● REQUIRED ACTION: Write out every record below exactly, leaving the pictures out.

┄┄┄┄┄┄┄┄┄┄

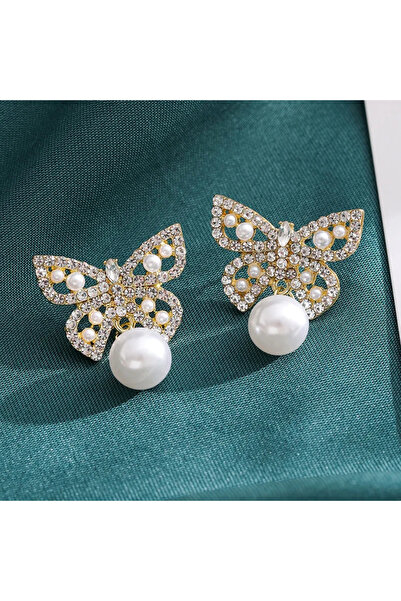 GlaMLo Accessories Butterfly Earrings with Crystals and Pearl – Elegant Model, Length 3 cm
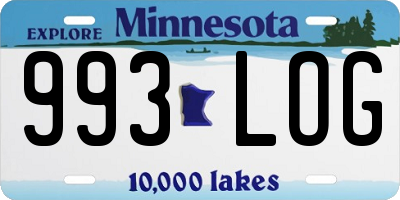 MN license plate 993LOG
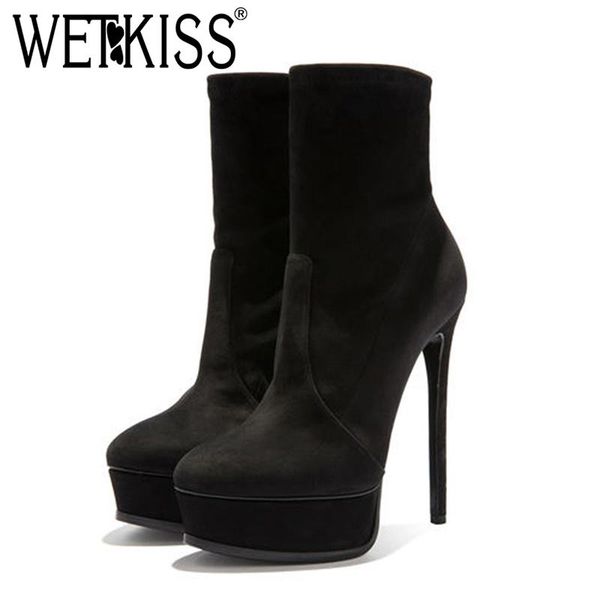 wetkiss flock round toe platform footwear ankle women boots stiletto stretch booties thin high heels big size female shoes, Black
wetkiss flock round toe platform footwear ankle women boots stiletto stretch booties thin high heels big size female shoes, Black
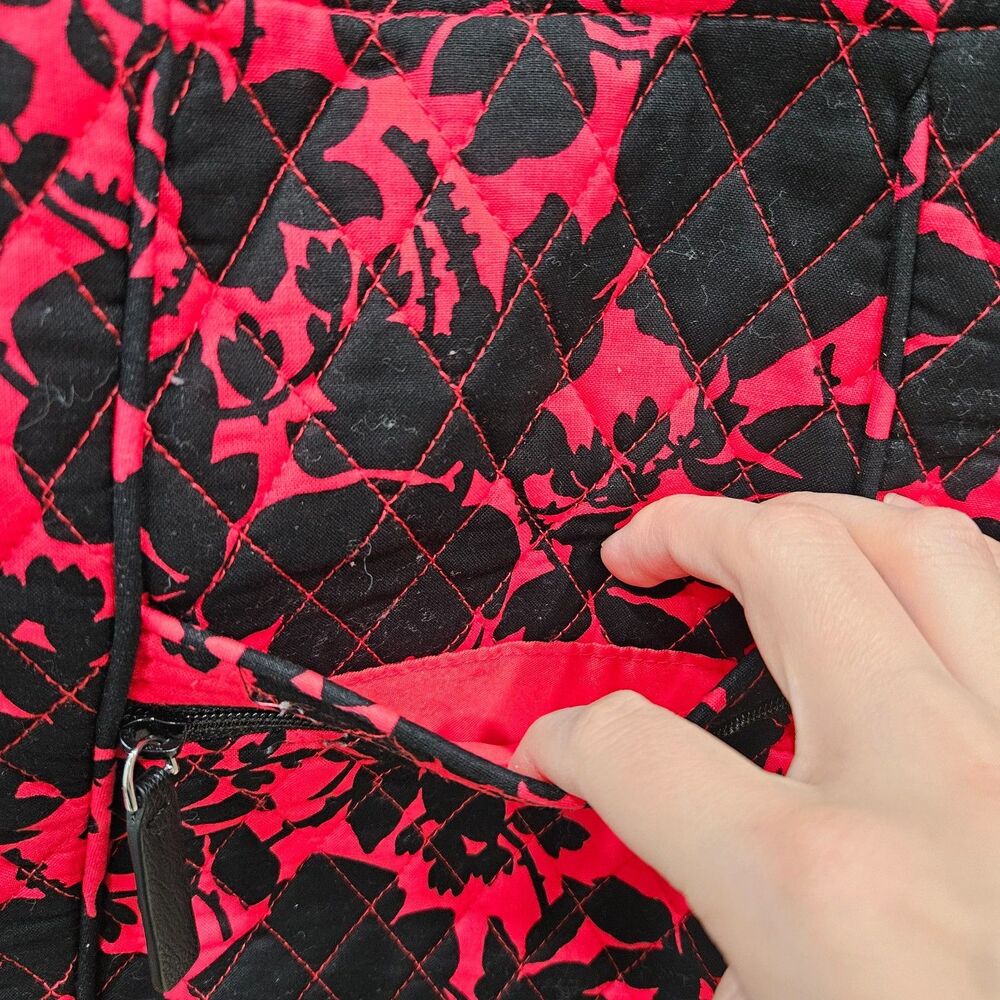 Vera Bradley Hipster Crossbody Bag Red Black Floral Boho Pockets Lined Hippie - Picture 4 of 10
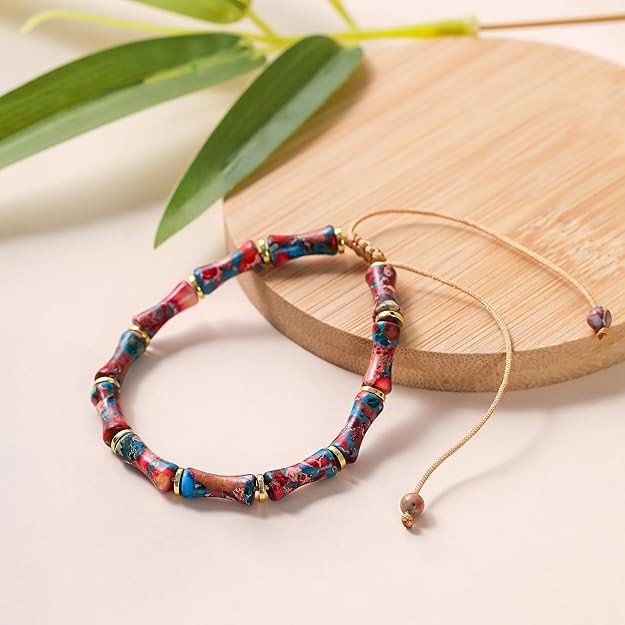 Sea Sediment Jasper Bamboo Shaped Blue Red Beads Woven Healing Gemstone Bracelet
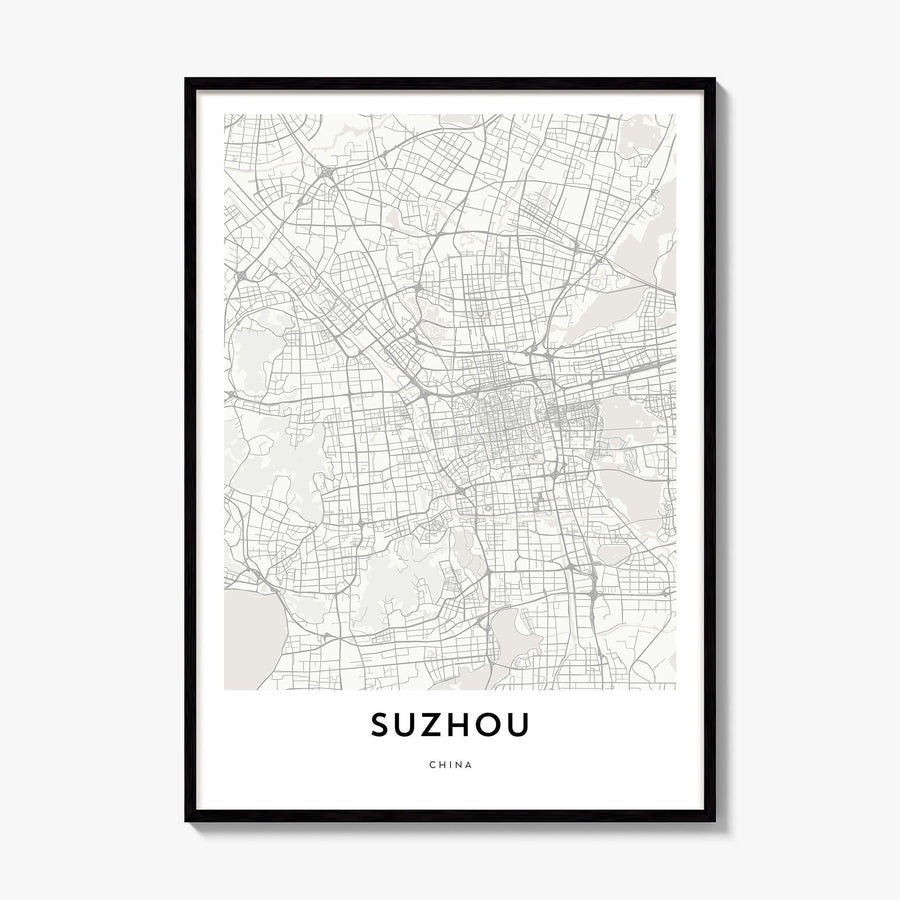 Suzhou Map Poster, framed poster mockup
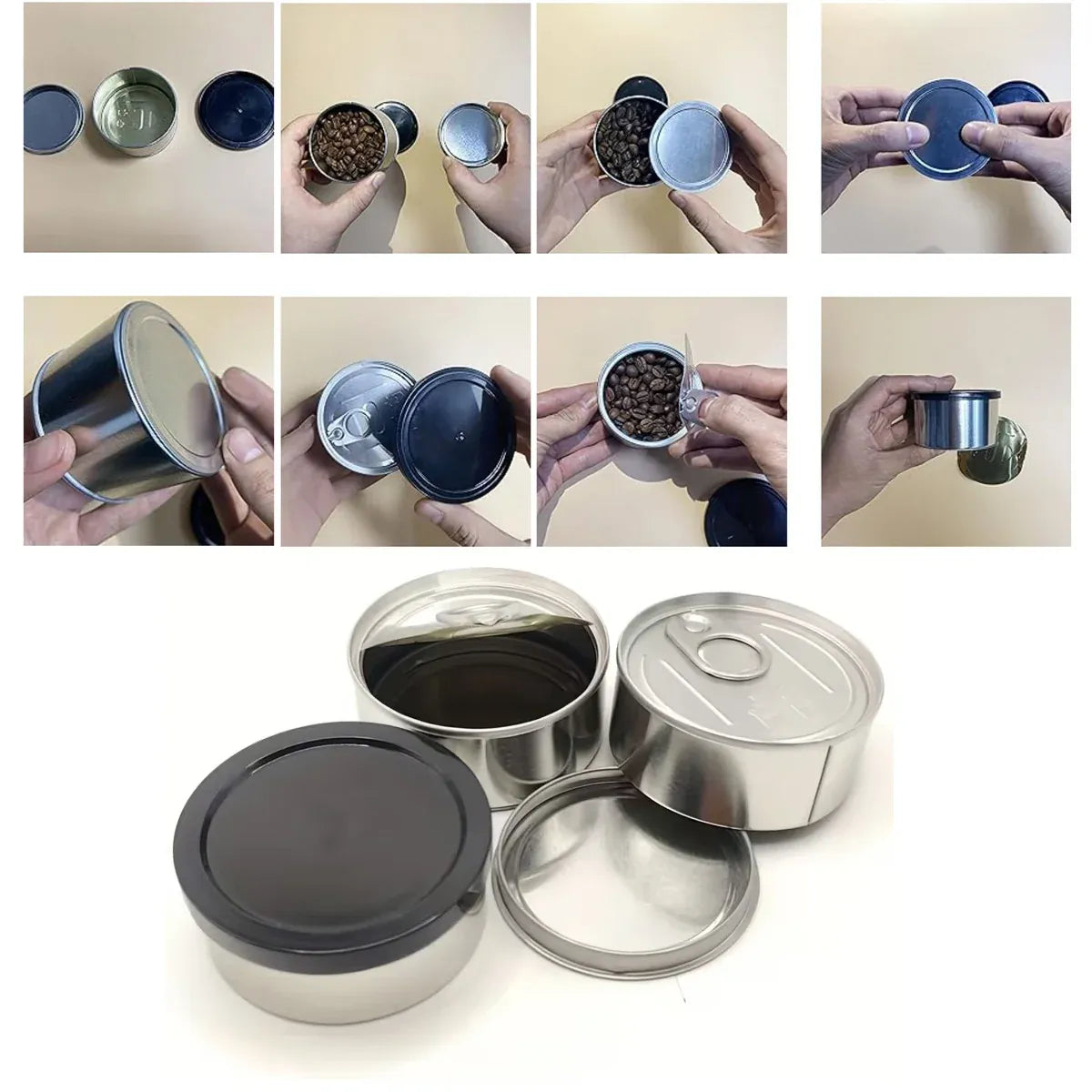 Round Tin Storage Box 100ml Easy Pull Lid Metal Container 10pcs Small Parts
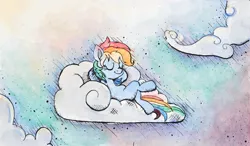 Size: 2000x1169 | Tagged: safe, artist:nedemai, derpibooru import, rainbow dash, pegasus, atg 2022, image, ink, jpeg, newbie artist training grounds, solo, traditional art, watercolor painting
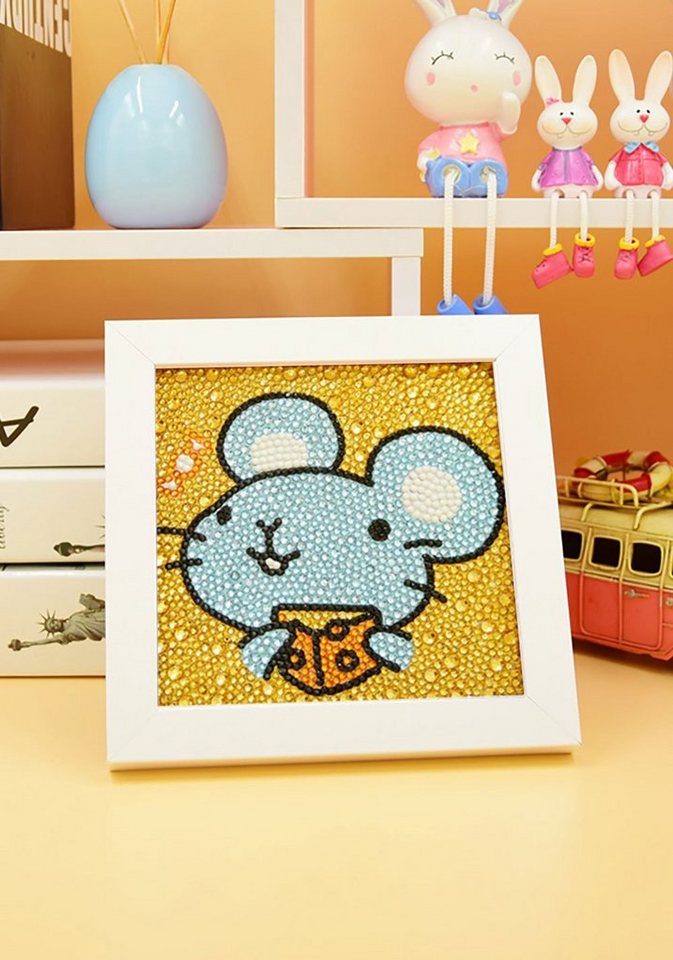 Vivi Idee Gemälde 5D DIY Diamant Painting Set mit Bilderrahmen, SX01 Maus, Geschenk für Kinder von Vivi Idee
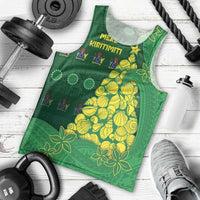 Cook Islands Christmas Men Tank Top Seashell Xmas Tree Tribal Waves - Polynesian Pride
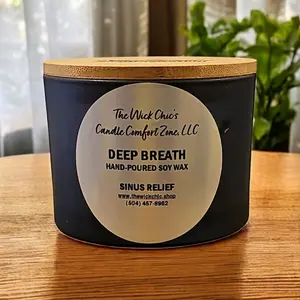 The Wick Chic's Candle Comfort Zone, LLC Scented Soy Wax Candle - Deep Breath - Sinus Vapors - Decor, Ornaments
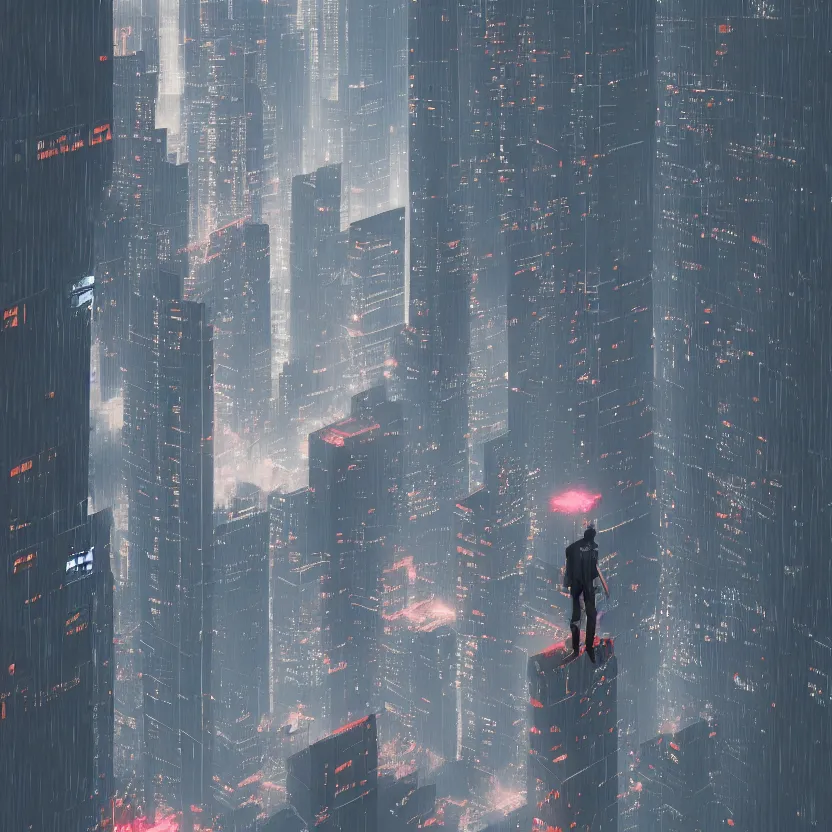 Image similar to a cyber boy ontop of a building, cyberpunk art by elsa bleda, by elsa bleda unsplash contest winner, aestheticism, dystopian art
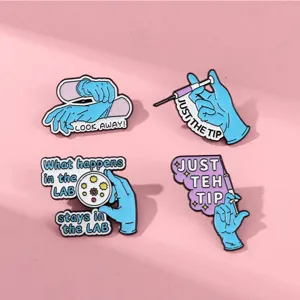 Medical theme enamel pin set, cute cartoon doctor nurse glove syringe badge, clothing decor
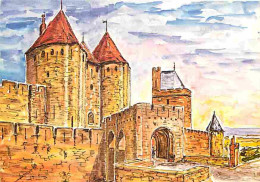 Art - Peinture - La Cité De Carcassonne - Entrée Principale De La Cité Barbacane - CPM - Voir Scans Recto-Verso - Malerei & Gemälde
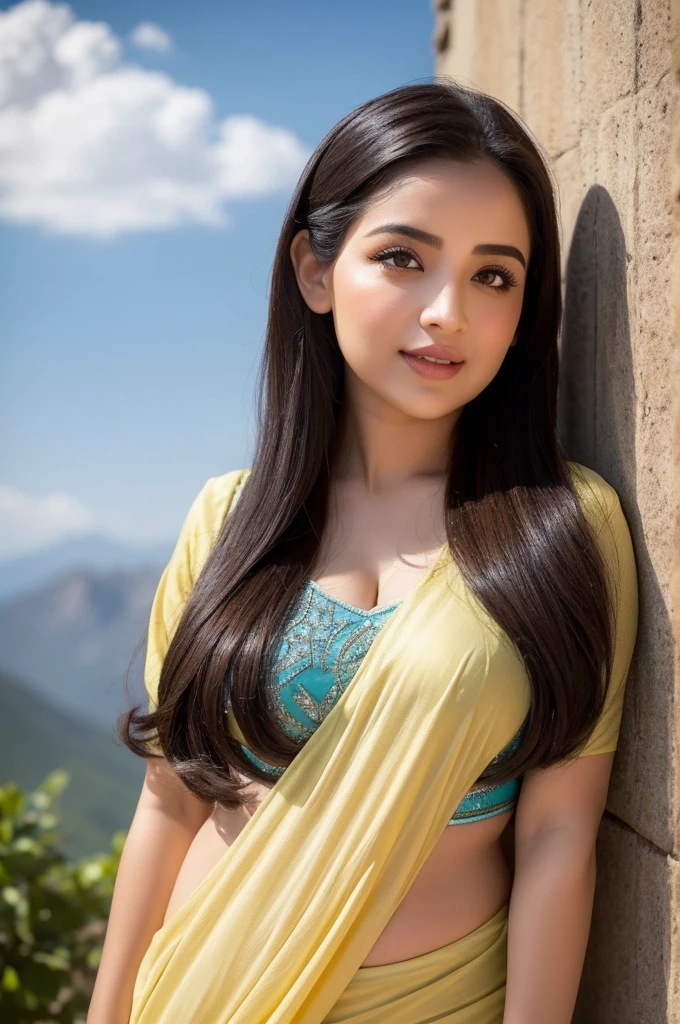 1 Heavenly beautiful and goddess beauty cute and sweet looking face Arabian woman in front of Vinicunca mountain, Heavenly beautiful Overweight, Heavenly beautiful Extremely fat, Heavenly beautiful and attractive Chubby figure , Heavenly beautiful looking and eye catching luxury style tight fitting elegant saree, reaching out, Heavenly beautiful Arabian woman, 16k, High resolution, masterpiece, highest quality, fine skin, Realistic Photograph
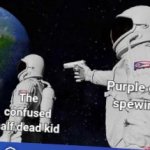 Purple guy spewing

┄┄┄┄┄┄┄┄┄┄

● TASK OUTPUT:
 GlaMLo Accessories Butterfly Earrings with Crystals and Pearl – Elegant Model, Length 3 cm
 MN license plate 993LOG
 wetkiss flock round toe platform footwear ankle women boots stiletto stretch booties thin high heels big size female shoes, Black
wetkiss flock round toe platform footwear ankle women boots stiletto stretch booties thin high heels big size female shoes, Black
 Vera Bradley Hipster Crossbody Bag Red Black Floral Boho Pockets Lined Hippie - Picture 4 of 10
 Sea Sediment Jasper Bamboo Shaped Blue Red Beads Woven Healing Gemstone Bracelet
 Suzhou Map Poster, framed poster mockup
 Round Tin Storage Box 100ml Easy Pull Lid Metal Container 10pcs Small Parts
 Size: 2000x1169 | Tagged: safe, artist:nedemai, derpibooru import, rainbow dash, pegasus, atg 2022, image, ink, jpeg, newbie artist training grounds, solo, traditional art, watercolor painting
 Vivi Idee Gemälde 5D DIY Diamant Painting Set mit Bilderrahmen, SX01 Maus, Geschenk für Kinder von Vivi Idee
 Cook Islands Christmas Men Tank Top Seashell Xmas Tree Tribal Waves - Polynesian Pride
 The Wick Chic's Candle Comfort Zone, LLC Scented Soy Wax Candle - Deep Breath - Sinus Vapors - Decor, Ornaments
 Image similar to a cyber boy ontop of a building, cyberpunk art by elsa bleda, by elsa bleda unsplash contest winner, aestheticism, dystopian art
 Medical theme enamel pin set, cute cartoon doctor nurse glove syringe badge, clothing decor
 Art - Peinture - La Cité De Carcassonne - Entrée Principale De La Cité Barbacane - CPM - Voir Scans Recto-Verso - Malerei & Gemälde
 1 Heavenly beautiful and goddess beauty cute and sweet looking face Arabian woman in front of Vinicunca mountain, Heavenly beautiful Overweight, Heavenly beautiful Extremely fat, Heavenly beautiful and attractive Chubby figure , Heavenly beautiful looking and eye catching luxury style tight fitting elegant saree, reaching out, Heavenly beautiful Arabian woman, 16k, High resolution, masterpiece, highest quality, fine skin, Realistic Photograph
 Purple guy spewing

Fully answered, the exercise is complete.